March 19, 1994|DOYLE McMANUS | TIMES STAFF WRITER

WASHINGTON — Iraq has moved more than 2,000 elite troops into a largely Kurdish area north of Baghdad, drawing a stiff warning from the United States against any military action, senior U.S. officials said Friday.

"The Iraqis have moved four battalions of Republican Guard infantry into the area around Mosul," an official said, citing U.S. intelligence reports. "We want to make it clear to the Iraqi government that we will continue . . . to enforce (United Nations) Security Council resolutions in that area.
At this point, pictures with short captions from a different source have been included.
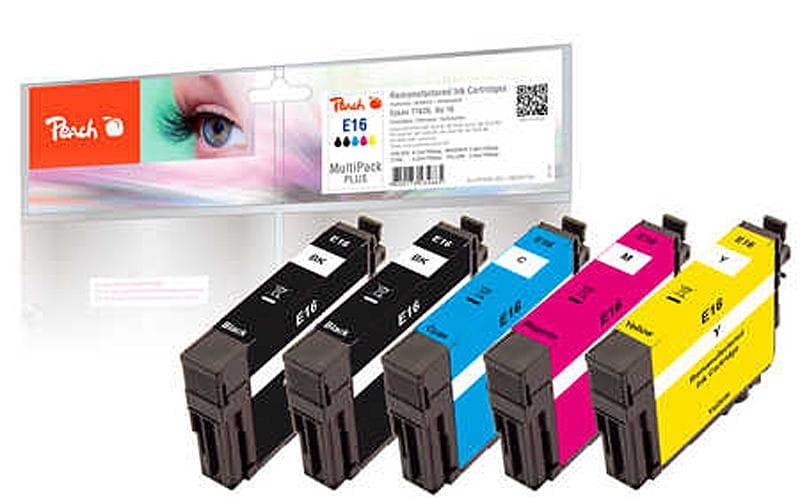 Peach Tinte Epson Nr. 16 2x BK, je 1x C,M,Y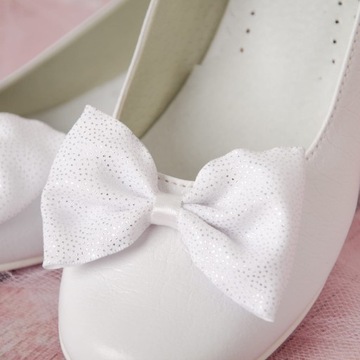 Туфли для причастия для девочек KBD-816 - Размер: 35 -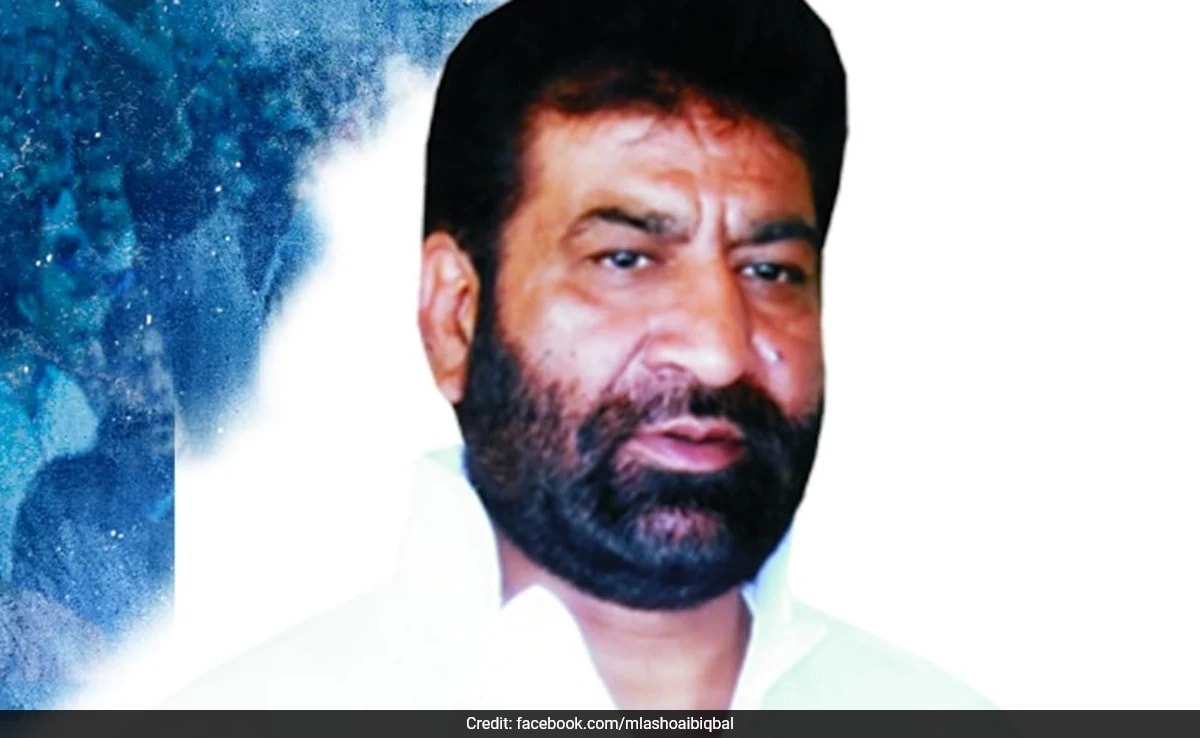 "Will Never Return": Ex- AAP MLA Shoaib Iqbal Quits Before Delhi Civic Body Polls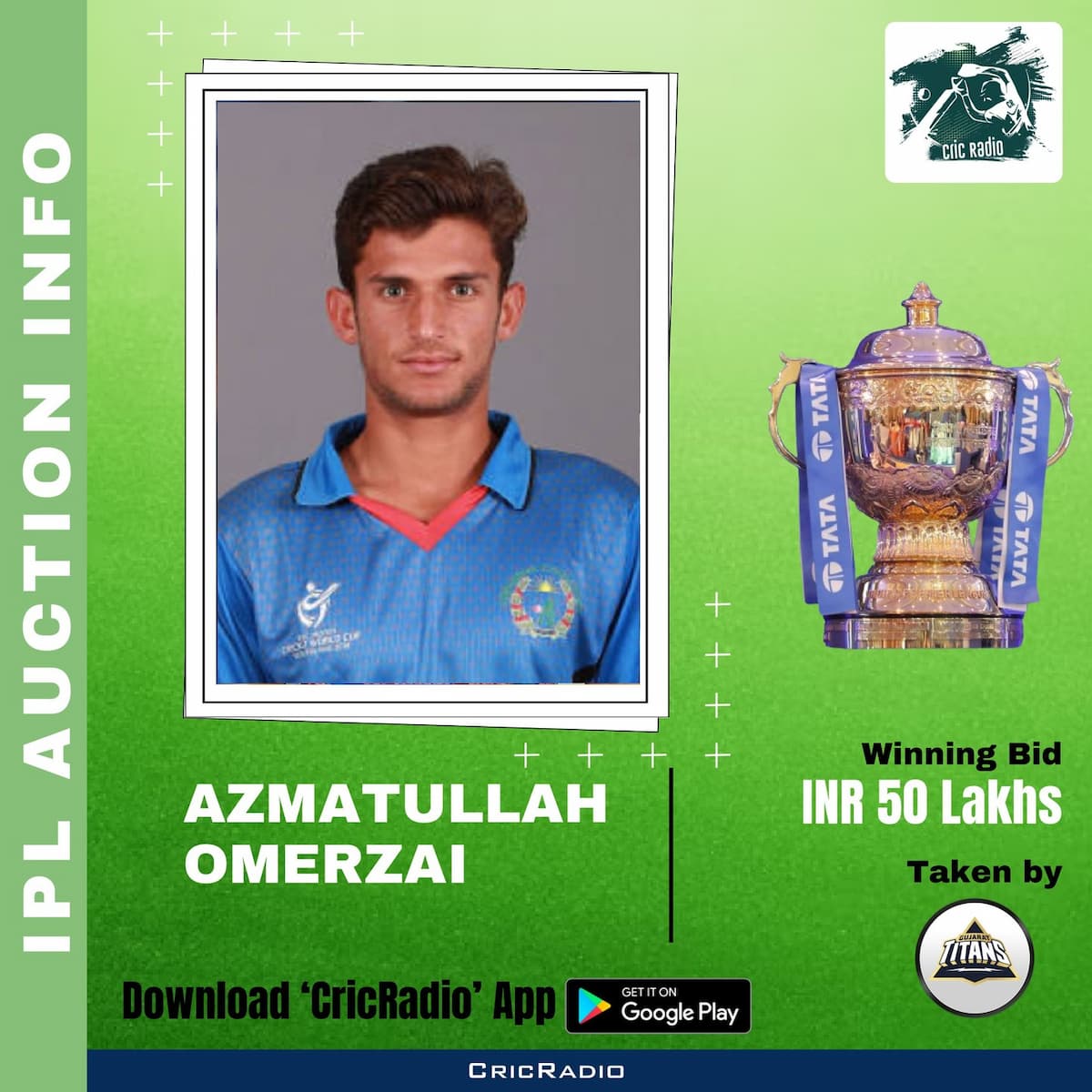 ๐ Azmatullah Omarzai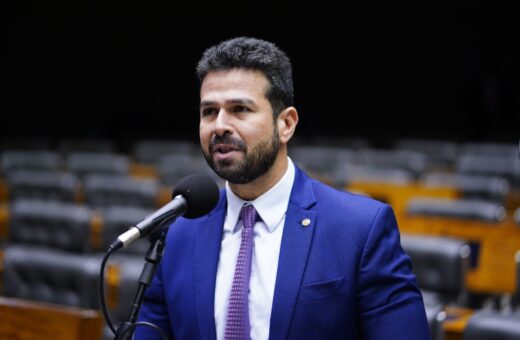 Ex-deputado Gil Cutrim no Plenário da Câmara Federal - Pablo Valadares/Câmara dos Deputados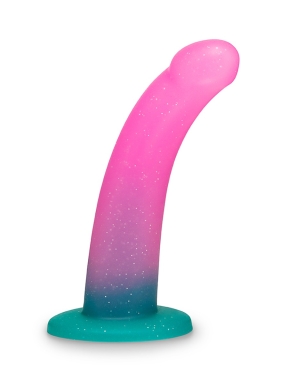 6" Sparkling Jelly Silicone Dildo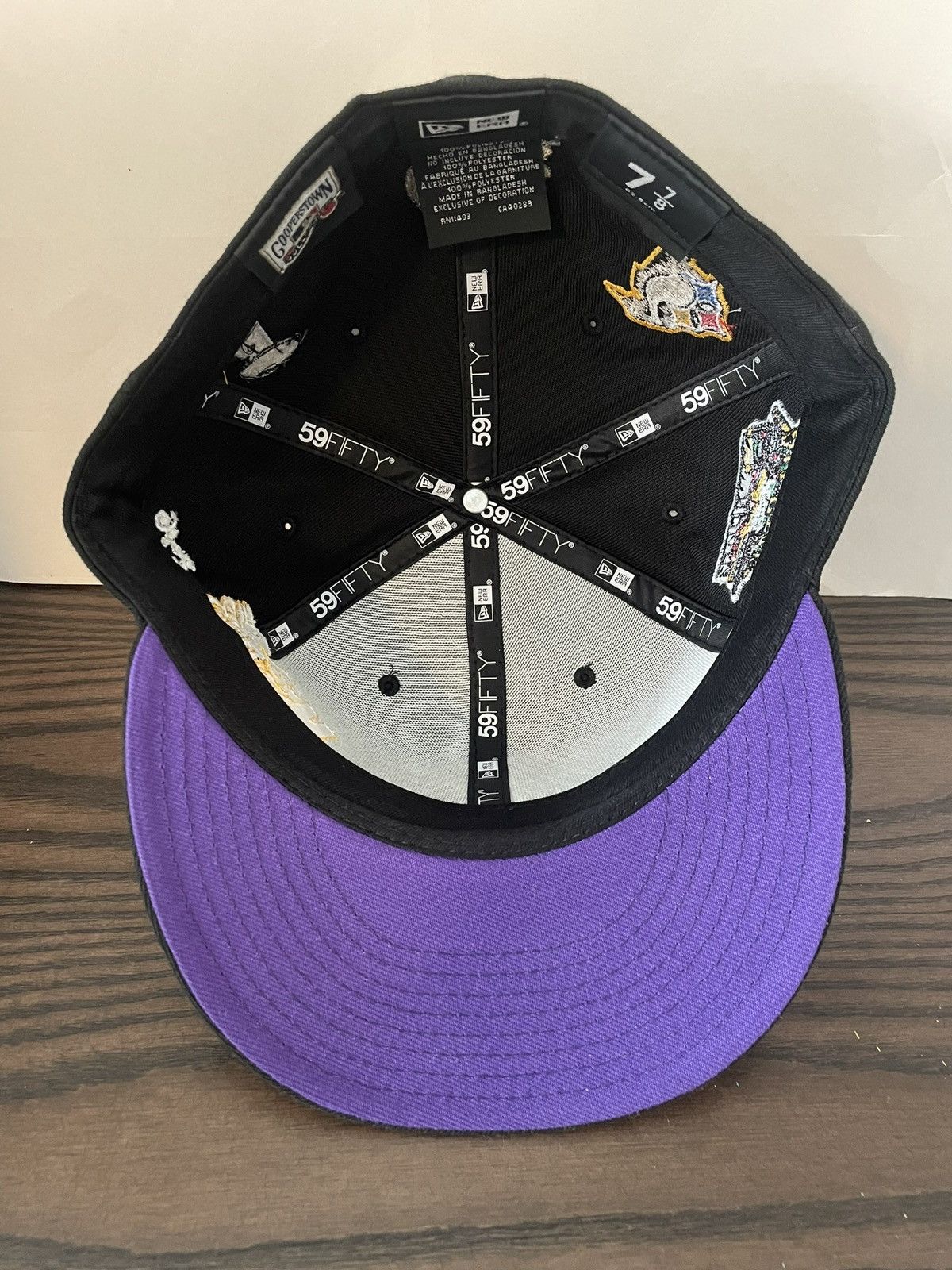 New Era Lord Fubu EWDIL Mac Miller Pirates New Era Hat 7 7/8 Size ONE SIZE - 5 Thumbnail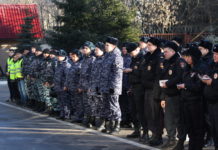 Сотрудники Росгвардии отмечают профессиональный праздник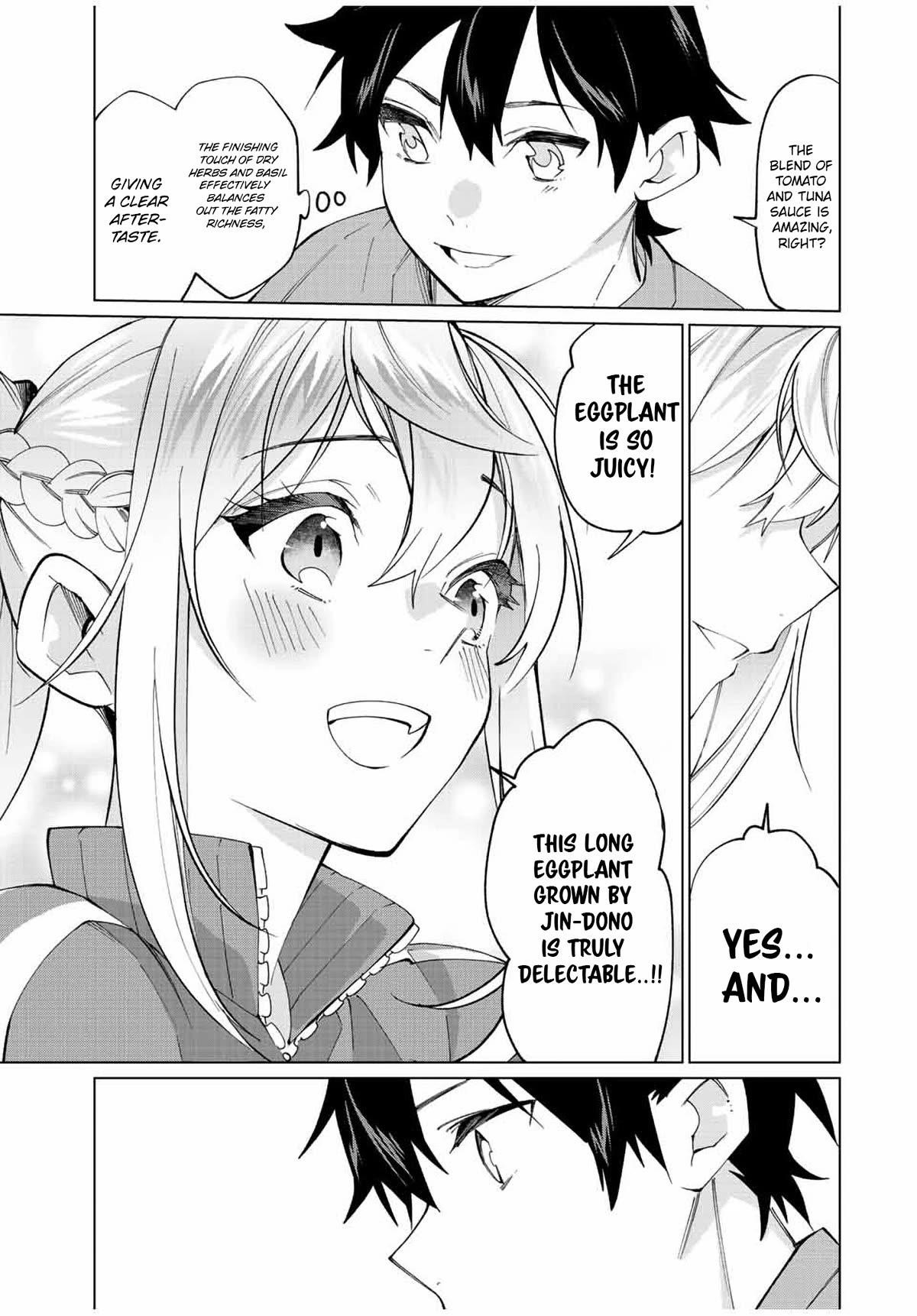 I Found a Female Knight in a Rice Field, in the Countryside They Think She’s My Wife Chapter 9 - Page 17 in English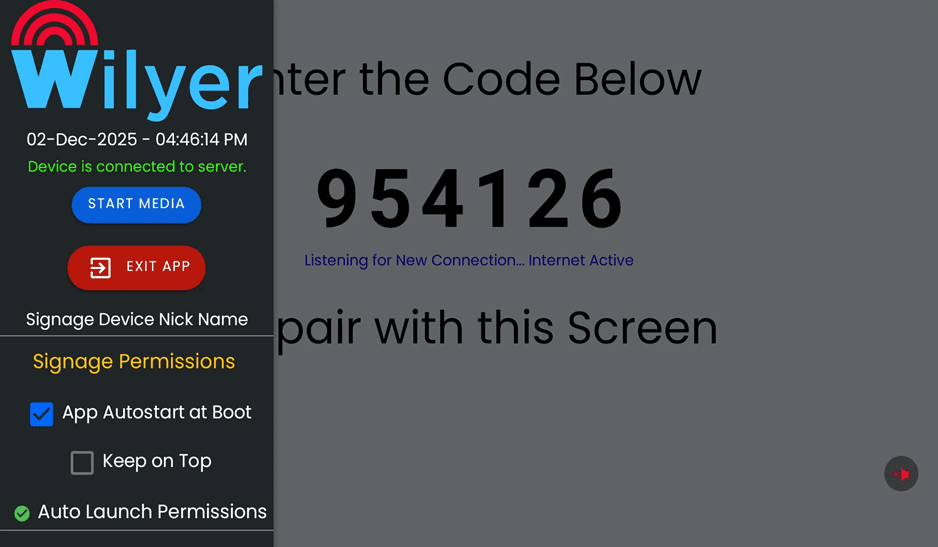 Wilyer guide image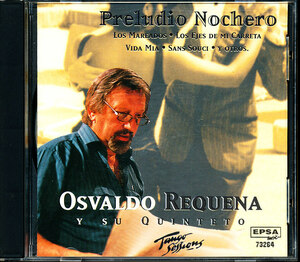 オスバルド・レケーナ/Osvaldo Requena - Preludio Nochero　タンゴ　4枚同梱可能　d8B000Y0YTLM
It would be unwise of them to test our resolve."

The Security Council has prohibited Iraq from mounting offensive military operations against the Kurds, a non-Arab ethnic group that is the majority of the population in northern Iraq.

"We have seen this kind of troop movement before, but this is a higher level than we've seen in more than a year," the official said. "Whether it is just saber-rattling or whether he intends to challenge the U.N., we don't know."

At the United Nations in New York, U.S. Ambassador Madeleine Albright told the Security Council of the troop movements, a spokesman said. "We do not know whether (Iraqi President) Saddam Hussein intends to renew his offensive against his own people, but he clearly wishes to intimidate them, as well as the Security Council," Albright said, according to her spokesman, James P. Rubin.

Albright denounced the troop movements in a closed-door Security Council debate over a proposed statement on Iraq's degree of compliance with the 1991 cease-fire that ended the Persian Gulf War.

The 15-nation council agreed Wednesday to maintain economic sanctions against Iraq but was divided over whether to praise Hussein for cooperating with U.N. weapons inspections.

Russia, China and France supported a proposed statement that would have lauded Iraq's cooperation, but the United States and Britain were opposed.

Iraq is asking the United Nations to lift its embargo on oil exports, the country's main product. The U.N. resolutions that imposed the embargo said it could be lifted if Iraq openly declared and destroyed all its ballistic missiles and other weapons of mass destruction and agreed to international monitoring. Iraq claims to have met those conditions, but the United States disagrees.